After repeating the line containing "Escultura un Raymond", stop; until then, repeat each line of the listing below exactly, starting with the first.

--- --- ---

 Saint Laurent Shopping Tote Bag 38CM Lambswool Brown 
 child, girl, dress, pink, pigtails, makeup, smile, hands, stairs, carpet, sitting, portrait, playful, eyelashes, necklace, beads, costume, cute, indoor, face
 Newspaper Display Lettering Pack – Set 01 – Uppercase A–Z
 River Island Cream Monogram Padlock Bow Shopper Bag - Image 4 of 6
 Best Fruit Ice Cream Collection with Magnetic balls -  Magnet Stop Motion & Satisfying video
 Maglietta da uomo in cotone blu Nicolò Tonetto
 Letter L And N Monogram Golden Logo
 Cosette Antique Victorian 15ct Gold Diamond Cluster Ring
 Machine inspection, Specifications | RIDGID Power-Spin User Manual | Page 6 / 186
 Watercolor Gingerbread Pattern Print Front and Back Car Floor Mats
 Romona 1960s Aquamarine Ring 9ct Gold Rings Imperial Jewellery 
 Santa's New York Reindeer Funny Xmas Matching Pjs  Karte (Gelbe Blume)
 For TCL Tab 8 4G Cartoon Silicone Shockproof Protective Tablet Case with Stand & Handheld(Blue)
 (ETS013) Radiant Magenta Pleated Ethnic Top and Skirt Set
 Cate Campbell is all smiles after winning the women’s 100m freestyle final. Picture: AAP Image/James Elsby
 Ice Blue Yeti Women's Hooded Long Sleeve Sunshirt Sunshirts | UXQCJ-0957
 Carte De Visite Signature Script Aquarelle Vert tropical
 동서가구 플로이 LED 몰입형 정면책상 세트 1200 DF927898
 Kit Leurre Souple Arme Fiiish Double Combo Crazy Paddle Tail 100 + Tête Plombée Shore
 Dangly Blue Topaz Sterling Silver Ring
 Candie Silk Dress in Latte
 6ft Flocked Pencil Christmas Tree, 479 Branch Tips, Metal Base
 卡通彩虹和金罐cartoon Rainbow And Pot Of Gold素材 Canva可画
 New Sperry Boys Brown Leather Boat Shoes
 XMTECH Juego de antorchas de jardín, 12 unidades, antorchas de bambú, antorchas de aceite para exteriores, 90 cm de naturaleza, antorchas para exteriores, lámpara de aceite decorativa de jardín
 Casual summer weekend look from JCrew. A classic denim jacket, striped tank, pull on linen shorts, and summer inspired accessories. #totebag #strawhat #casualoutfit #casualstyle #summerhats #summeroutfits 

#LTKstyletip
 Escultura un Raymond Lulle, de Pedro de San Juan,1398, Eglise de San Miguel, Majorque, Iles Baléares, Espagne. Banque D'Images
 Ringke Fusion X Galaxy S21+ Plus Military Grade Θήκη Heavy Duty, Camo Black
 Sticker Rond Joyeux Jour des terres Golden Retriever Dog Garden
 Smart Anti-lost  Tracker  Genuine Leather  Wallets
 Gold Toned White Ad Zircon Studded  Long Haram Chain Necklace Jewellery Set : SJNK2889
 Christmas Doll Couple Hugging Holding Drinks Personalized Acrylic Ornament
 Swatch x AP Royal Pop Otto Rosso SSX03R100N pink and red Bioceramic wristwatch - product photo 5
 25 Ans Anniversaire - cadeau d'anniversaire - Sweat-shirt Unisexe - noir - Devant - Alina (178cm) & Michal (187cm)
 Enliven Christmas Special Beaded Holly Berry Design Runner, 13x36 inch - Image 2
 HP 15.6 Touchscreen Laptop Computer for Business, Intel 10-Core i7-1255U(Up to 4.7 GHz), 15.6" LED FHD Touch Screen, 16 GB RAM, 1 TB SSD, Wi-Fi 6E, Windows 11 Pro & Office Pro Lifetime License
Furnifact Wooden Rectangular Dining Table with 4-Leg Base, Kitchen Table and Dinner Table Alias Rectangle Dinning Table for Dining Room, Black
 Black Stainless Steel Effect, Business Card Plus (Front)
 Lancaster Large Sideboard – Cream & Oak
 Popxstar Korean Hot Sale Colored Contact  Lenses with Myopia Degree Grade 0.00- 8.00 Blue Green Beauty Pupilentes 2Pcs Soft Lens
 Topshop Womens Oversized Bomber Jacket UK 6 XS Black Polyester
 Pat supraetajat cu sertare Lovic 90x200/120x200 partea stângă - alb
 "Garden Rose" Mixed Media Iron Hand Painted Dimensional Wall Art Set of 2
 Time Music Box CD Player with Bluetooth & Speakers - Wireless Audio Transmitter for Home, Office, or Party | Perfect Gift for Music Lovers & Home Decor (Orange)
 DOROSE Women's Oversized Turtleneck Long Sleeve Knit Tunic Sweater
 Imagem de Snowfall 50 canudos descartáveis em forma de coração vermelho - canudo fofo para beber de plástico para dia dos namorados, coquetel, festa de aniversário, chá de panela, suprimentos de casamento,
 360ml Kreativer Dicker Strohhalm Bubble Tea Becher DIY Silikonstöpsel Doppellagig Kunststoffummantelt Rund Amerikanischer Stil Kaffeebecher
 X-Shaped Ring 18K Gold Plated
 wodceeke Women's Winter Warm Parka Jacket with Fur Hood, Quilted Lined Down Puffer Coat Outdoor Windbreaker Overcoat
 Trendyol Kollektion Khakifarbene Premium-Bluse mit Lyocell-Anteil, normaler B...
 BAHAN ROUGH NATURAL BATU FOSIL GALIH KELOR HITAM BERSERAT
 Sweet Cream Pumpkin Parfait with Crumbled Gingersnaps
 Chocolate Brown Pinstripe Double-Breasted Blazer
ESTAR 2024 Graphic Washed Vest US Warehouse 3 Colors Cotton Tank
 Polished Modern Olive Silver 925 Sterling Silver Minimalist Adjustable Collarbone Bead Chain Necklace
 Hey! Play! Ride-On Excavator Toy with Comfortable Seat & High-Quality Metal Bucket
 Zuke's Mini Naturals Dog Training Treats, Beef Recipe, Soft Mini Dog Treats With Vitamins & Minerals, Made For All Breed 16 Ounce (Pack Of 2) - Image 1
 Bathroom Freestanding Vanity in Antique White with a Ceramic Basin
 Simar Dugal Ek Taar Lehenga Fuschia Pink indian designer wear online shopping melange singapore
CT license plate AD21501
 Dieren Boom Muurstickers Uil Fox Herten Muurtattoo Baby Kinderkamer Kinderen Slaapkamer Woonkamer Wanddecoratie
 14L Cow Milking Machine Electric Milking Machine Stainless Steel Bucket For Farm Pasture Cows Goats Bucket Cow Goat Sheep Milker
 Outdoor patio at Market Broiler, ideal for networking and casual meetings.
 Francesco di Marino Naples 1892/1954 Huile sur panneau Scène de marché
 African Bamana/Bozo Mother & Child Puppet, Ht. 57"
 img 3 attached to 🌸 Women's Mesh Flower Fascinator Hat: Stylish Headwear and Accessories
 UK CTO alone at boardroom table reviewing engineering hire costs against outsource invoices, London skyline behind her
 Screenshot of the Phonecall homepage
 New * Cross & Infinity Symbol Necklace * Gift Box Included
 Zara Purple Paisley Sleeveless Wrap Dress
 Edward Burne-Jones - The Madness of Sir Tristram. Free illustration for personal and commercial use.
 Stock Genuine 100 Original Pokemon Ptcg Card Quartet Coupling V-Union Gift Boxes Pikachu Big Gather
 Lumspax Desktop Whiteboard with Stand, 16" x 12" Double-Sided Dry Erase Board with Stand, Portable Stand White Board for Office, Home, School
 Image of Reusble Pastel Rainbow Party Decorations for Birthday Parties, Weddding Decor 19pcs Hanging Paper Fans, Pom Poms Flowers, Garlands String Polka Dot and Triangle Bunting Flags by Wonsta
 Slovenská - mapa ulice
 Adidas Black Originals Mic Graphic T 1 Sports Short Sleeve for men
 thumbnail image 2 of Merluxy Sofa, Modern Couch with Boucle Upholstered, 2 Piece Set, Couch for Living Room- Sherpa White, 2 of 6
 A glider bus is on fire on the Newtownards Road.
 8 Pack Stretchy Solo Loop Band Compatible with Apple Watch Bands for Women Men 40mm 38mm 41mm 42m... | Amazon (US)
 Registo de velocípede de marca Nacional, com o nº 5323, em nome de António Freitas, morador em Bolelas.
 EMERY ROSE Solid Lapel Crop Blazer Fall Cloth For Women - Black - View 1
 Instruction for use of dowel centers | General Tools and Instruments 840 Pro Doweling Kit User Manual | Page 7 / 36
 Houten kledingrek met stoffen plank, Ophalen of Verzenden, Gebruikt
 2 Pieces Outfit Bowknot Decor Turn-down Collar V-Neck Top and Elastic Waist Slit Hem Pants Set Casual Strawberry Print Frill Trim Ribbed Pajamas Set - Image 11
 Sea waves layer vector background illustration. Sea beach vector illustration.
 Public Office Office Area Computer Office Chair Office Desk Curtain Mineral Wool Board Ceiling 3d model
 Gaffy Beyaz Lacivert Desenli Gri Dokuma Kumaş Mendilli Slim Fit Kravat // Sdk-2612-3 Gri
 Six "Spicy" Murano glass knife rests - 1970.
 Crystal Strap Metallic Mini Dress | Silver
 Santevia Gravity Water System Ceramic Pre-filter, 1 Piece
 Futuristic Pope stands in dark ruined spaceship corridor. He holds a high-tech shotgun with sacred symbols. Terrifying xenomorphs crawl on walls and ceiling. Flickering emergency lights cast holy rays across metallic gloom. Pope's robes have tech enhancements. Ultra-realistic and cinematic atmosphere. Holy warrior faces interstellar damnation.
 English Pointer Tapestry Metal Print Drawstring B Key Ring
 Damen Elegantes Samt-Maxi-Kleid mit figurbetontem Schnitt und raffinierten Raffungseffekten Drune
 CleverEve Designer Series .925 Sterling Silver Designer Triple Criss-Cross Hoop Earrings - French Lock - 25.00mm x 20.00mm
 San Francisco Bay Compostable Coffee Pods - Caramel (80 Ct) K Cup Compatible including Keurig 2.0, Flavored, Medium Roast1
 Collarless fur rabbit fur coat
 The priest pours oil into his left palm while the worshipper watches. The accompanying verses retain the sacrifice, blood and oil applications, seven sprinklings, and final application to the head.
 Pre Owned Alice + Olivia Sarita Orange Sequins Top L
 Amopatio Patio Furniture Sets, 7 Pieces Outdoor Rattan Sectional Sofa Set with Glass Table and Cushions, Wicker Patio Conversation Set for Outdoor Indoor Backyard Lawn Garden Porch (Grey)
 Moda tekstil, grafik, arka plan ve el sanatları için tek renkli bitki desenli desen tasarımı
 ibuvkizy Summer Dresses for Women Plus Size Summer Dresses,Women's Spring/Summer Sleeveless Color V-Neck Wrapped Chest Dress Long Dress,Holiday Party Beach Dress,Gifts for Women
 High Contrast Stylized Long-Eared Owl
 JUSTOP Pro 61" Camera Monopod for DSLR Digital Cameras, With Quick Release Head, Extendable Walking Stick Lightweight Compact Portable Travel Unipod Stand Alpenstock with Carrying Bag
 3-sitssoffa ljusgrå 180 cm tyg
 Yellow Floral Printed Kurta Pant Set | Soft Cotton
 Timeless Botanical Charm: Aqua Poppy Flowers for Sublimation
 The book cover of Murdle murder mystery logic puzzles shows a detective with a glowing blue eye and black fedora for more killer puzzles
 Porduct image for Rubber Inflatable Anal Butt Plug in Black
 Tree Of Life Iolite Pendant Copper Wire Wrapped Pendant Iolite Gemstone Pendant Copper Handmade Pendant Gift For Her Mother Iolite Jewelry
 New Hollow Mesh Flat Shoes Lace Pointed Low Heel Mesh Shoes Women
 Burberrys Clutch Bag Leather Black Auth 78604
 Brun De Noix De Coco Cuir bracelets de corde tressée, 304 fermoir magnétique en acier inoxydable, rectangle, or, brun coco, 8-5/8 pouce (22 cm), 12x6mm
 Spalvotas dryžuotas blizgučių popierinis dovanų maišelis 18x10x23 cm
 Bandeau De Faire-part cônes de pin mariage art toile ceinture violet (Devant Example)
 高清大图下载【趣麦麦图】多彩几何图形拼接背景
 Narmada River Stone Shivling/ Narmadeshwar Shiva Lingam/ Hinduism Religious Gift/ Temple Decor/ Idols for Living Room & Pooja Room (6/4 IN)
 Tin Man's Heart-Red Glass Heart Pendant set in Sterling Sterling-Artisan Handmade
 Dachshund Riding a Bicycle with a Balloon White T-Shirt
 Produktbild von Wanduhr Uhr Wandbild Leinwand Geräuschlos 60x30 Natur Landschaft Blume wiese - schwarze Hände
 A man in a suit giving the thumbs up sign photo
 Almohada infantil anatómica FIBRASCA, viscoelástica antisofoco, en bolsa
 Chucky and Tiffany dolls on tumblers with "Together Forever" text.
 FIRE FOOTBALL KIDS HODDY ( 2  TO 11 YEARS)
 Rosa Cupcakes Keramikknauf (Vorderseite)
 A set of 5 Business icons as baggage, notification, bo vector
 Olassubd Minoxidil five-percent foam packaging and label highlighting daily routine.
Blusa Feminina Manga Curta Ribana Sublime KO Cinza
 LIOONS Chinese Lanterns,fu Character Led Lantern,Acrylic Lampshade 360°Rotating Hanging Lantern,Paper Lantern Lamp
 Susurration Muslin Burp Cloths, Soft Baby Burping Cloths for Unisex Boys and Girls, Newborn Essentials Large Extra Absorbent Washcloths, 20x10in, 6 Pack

--- --- ---

* _Result_:
 Saint Laurent Shopping Tote Bag 38CM Lambswool Brown 
 child, girl, dress, pink, pigtails, makeup, smile, hands, stairs, carpet, sitting, portrait, playful, eyelashes, necklace, beads, costume, cute, indoor, face
 Newspaper Display Lettering Pack – Set 01 – Uppercase A–Z
 River Island Cream Monogram Padlock Bow Shopper Bag - Image 4 of 6
 Best Fruit Ice Cream Collection with Magnetic balls -  Magnet Stop Motion & Satisfying video
 Maglietta da uomo in cotone blu Nicolò Tonetto
 Letter L And N Monogram Golden Logo
 Cosette Antique Victorian 15ct Gold Diamond Cluster Ring
 Machine inspection, Specifications | RIDGID Power-Spin User Manual | Page 6 / 186
 Watercolor Gingerbread Pattern Print Front and Back Car Floor Mats
 Romona 1960s Aquamarine Ring 9ct Gold Rings Imperial Jewellery 
 Santa's New York Reindeer Funny Xmas Matching Pjs  Karte (Gelbe Blume)
 For TCL Tab 8 4G Cartoon Silicone Shockproof Protective Tablet Case with Stand & Handheld(Blue)
 (ETS013) Radiant Magenta Pleated Ethnic Top and Skirt Set
 Cate Campbell is all smiles after winning the women’s 100m freestyle final. Picture: AAP Image/James Elsby
 Ice Blue Yeti Women's Hooded Long Sleeve Sunshirt Sunshirts | UXQCJ-0957
 Carte De Visite Signature Script Aquarelle Vert tropical
 동서가구 플로이 LED 몰입형 정면책상 세트 1200 DF927898
 Kit Leurre Souple Arme Fiiish Double Combo Crazy Paddle Tail 100 + Tête Plombée Shore
 Dangly Blue Topaz Sterling Silver Ring
 Candie Silk Dress in Latte
 6ft Flocked Pencil Christmas Tree, 479 Branch Tips, Metal Base
 卡通彩虹和金罐cartoon Rainbow And Pot Of Gold素材 Canva可画
 New Sperry Boys Brown Leather Boat Shoes
 XMTECH Juego de antorchas de jardín, 12 unidades, antorchas de bambú, antorchas de aceite para exteriores, 90 cm de naturaleza, antorchas para exteriores, lámpara de aceite decorativa de jardín
 Casual summer weekend look from JCrew. A classic denim jacket, striped tank, pull on linen shorts, and summer inspired accessories. #totebag #strawhat #casualoutfit #casualstyle #summerhats #summeroutfits 

#LTKstyletip
 Escultura un Raymond Lulle, de Pedro de San Juan,1398, Eglise de San Miguel, Majorque, Iles Baléares, Espagne. Banque D'Images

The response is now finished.